How Wall Street Sees Ryan's
At first glance, it looks like Ryan's Family Steak Houses Inc. (RYAN, over the counter) hasn't fared too shabbily during the industry's hard times, tripling in less than four years from its IPO price in July 1982 of $9.25 to $30.50 last spring. That's way off the mark, however. The stock has been split no fewer than four times in that interval, in tandem with its four-year earnings-per-share growth rate of 55%.Thus last spring's price of $30.50 is really the equivalent of $205.88 per share -- the best performance by far among public restaurant issues.
Wall Street has been only a reluctant believer in Ryan's management style, though. For one thing, because the company refuses to borrow, it would seem that it couldn't leverage the kind of earnings growth investors in small companies expect. But last year's 12-month earnings-per-share jump of 53% put the lie to that assumption. Observes Frank Williams, a special-situations analyst affiliated with the Boston office of the brokerage firm of Cantor, Fitzgerald & Co., "The way they've built the business has enabled them to maintain absolute control over every important area. When you have debts you surrender control over certain parts of the business -- the banker has a vote."

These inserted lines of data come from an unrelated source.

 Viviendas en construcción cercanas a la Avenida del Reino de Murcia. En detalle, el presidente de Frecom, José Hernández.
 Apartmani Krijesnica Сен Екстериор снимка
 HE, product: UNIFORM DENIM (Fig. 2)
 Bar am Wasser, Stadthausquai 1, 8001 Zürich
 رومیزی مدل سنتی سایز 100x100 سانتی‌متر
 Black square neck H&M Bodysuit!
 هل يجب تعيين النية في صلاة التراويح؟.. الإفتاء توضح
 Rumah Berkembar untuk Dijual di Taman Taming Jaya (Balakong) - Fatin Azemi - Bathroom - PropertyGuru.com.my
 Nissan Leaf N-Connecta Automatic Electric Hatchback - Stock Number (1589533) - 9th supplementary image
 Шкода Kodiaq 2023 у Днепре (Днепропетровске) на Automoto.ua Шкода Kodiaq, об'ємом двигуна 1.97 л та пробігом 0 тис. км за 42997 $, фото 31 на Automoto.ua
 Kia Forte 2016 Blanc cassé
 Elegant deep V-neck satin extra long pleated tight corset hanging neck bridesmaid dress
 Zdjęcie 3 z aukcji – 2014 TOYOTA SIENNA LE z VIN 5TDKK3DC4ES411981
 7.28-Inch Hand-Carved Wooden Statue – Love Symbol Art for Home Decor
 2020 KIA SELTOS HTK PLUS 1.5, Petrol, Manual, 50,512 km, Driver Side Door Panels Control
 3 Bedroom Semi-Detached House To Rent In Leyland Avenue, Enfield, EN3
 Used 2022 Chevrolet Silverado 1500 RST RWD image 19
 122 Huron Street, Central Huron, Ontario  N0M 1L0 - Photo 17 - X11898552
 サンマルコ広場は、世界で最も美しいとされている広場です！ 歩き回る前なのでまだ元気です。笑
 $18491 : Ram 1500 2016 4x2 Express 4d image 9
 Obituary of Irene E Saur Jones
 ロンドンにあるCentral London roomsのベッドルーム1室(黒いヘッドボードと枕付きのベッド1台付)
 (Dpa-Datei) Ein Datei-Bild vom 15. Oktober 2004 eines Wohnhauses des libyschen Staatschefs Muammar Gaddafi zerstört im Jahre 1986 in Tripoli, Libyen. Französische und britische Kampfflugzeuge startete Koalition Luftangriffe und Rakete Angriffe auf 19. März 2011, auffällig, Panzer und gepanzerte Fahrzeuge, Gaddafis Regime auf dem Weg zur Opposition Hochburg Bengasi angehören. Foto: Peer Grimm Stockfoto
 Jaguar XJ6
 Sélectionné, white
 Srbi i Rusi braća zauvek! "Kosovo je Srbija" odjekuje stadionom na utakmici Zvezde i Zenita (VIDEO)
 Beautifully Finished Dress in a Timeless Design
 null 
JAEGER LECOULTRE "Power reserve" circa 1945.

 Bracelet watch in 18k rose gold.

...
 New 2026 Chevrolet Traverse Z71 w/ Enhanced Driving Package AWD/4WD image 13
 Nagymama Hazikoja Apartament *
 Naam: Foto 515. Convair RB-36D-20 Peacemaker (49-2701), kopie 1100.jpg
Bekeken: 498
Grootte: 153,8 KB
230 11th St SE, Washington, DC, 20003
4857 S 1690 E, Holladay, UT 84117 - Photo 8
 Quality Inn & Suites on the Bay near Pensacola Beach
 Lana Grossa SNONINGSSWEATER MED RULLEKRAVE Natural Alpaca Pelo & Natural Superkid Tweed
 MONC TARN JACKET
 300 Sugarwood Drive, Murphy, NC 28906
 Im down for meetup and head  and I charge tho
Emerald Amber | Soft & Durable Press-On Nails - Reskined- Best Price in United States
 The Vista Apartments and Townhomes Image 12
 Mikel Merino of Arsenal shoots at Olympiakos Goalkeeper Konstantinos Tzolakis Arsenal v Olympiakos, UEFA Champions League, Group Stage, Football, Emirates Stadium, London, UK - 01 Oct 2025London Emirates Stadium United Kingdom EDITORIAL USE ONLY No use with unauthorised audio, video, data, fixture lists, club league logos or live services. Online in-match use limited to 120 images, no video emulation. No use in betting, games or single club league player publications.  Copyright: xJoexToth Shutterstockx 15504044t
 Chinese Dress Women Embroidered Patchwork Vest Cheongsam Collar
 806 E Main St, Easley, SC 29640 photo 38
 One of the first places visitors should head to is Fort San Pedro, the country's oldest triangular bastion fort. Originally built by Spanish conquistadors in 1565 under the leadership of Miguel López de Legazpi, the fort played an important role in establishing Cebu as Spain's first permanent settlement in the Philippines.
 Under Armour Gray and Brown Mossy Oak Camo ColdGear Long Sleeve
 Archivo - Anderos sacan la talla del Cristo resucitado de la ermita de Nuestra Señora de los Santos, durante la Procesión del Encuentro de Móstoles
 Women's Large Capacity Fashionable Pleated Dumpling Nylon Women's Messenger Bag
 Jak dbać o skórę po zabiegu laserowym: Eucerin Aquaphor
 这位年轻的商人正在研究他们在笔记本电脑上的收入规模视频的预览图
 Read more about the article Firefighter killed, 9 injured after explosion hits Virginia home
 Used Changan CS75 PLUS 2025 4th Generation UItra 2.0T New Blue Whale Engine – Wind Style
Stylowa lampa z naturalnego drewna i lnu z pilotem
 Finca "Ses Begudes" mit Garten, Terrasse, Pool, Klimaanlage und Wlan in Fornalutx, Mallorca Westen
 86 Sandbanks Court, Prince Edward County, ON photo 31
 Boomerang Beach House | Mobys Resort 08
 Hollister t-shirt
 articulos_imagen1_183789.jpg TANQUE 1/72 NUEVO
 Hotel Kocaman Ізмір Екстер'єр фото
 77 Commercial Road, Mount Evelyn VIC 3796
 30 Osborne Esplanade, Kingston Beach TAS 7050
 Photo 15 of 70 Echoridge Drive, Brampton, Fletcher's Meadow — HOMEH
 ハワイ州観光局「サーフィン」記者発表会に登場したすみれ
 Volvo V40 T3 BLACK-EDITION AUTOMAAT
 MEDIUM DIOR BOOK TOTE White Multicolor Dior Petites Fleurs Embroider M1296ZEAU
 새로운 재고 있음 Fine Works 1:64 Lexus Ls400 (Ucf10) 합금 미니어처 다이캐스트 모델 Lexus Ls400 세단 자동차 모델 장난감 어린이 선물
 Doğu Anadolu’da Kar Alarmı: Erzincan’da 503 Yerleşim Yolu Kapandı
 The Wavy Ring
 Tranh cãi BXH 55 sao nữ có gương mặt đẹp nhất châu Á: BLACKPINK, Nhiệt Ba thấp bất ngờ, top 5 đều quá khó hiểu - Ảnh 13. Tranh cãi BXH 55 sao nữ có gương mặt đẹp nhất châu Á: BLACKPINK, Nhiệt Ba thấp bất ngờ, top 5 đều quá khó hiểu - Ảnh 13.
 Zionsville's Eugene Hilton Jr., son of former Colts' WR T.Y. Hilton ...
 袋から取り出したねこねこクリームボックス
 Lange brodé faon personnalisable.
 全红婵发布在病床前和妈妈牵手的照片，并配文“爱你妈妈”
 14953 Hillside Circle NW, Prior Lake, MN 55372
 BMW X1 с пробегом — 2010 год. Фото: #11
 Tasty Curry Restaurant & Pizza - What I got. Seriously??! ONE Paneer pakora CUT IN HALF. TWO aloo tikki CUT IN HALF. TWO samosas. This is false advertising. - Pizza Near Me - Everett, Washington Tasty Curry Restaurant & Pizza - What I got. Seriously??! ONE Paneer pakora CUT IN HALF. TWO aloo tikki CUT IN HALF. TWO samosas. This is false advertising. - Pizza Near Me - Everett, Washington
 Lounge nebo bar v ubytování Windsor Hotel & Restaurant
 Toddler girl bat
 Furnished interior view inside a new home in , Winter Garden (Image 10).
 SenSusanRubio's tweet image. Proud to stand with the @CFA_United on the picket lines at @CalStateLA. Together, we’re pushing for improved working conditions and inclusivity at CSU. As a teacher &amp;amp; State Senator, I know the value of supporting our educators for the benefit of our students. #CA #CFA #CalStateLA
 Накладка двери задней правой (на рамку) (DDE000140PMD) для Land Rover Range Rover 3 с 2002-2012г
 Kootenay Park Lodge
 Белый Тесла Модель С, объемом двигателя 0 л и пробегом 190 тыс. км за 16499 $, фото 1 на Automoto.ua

And when Ryan's rolled out its expensive "mega" food bar last September, threatening a severe margin squeeze, again Wall Streeters fidgeted. ". . . [Ryan's] food costs have risen roughly 3% to 5% and payroll costs an additional 3%, resulting in a compression of operating margins from 20% to 13% to 15%. . . . The trend to tighter margins is undeniable. . . ." worried L. Keith Mullins of Morgan Stanley & Co. (Unnecessarily, as it turned out: the make-it-yourself salad spread increased 1985 sales by nearly 6% over the previous year.) Not only that, Ryan's wasn't spending anything on promoting itself, insisting on opening a unit with nary an advertising word. "Initially, the analysts were baffled that we didn't advertise," recounts chief executive officer Alvin A. McCall Jr.But as earnings compounded and the price of RYAN kept climbing, they soon were singing a different tune. "Now they're saying this is the way everybody else ought to be: good enough that customers will come back without having to spend money on advertising."